Is prayer a waste of time? According to Reverend Tim Keller, many people do not pray because they feel that they are not being “productive”. I heard Reverend Keller as he was promoting his new book,  Prayer: Experiencing Awe and Intimacy with G-d on a morning television interview show.  Reverend Keller said that people feel good when they feel productive, but “when you are praying, you are not ‘doing’ anything. Prayer confronts the need we all feel to be productive, he said. Yet, he maintains, the solitude of prayer and the practice of prayer are crucial if you are to know yourself in relation to G-d. The interviewer, with a twinkle in her eye, asked, “Given the need to be alone with G-d in order to get to know yourself – would it be OK if I made the case that this is productive?” Reverend Keller responded, “In the short run prayer makes you feel less productive; but in the long run, absolutely, it makes you more productive”.

I was struck by the fact that when speaking of prayer in this interview, Reverend Keller, a Presbyterian minister, spoke primarily about praying in solitude. The emphasis in Judaism tends to be on public prayer. Yet the practice of solitary prayer is also deeply rooted in Judaism. The Baal Shem Tov, the founder of Chassidism, told this story from his childhood. "I was drawn to walk the fields and the great, deep forest near our village. Often I would spend the night in the field or forest. One morning in the forest I heard a human voice- a Jew in tallit and tefillin, praying with a passion I had never heard...'Aren't you afraid to be alone in the forest?' the man asked me.

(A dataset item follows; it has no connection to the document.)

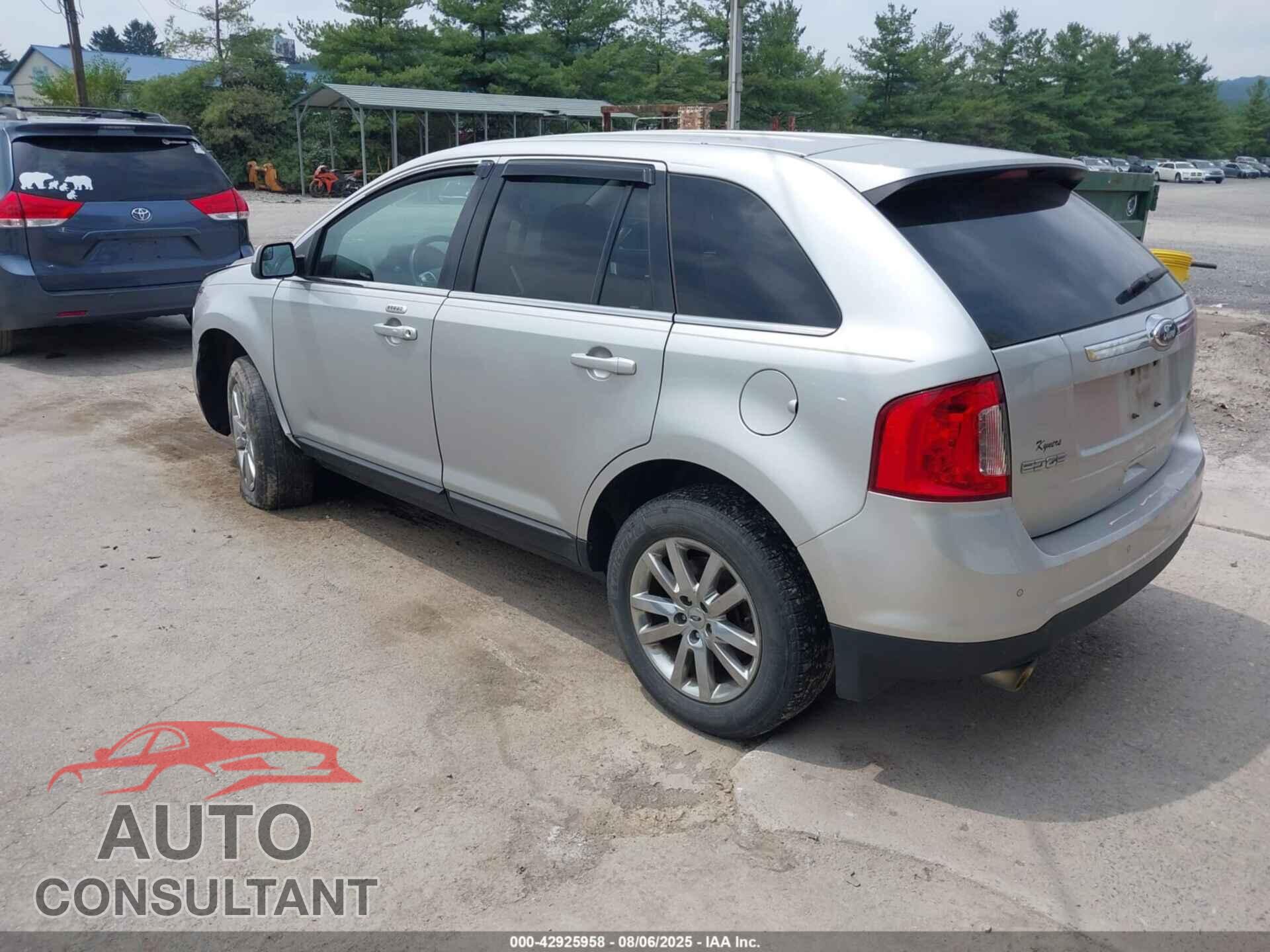 FORD EDGE 2013 - 2FMDK4KCXDBB16798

I answered him: 'I like the field and the forest, because there are no people...'" Chassidism teaches that aloneness can help us to explore the mysteries within and above us, much like Reverend Keller teaches from a Christian perspective in his new book.

In our Torah reading for this week, we may have an instance of this kind of solitude and encounter. Jacob is returning to meet his brother Esau after a twenty year absence. The last time they saw one another, they were both living at home.  Jacob impersonated his brother Esau and stole his blessing from their blind father, Isaac. Enraged, Esau threatened to kill Jacob. Jacob fled to Haran, with only the shirt on his back -- Haran, the city in Mesopotamia where his parents had family. After marriage, children, and acquiring great wealth it was time to return to the Land of Canaan. Jacob is afraid of how he might be greeted by Esau. He sends Esau gifts to try to appease him. He prepares for war, in case Esau wants to fight. He prays to G-d, to help him.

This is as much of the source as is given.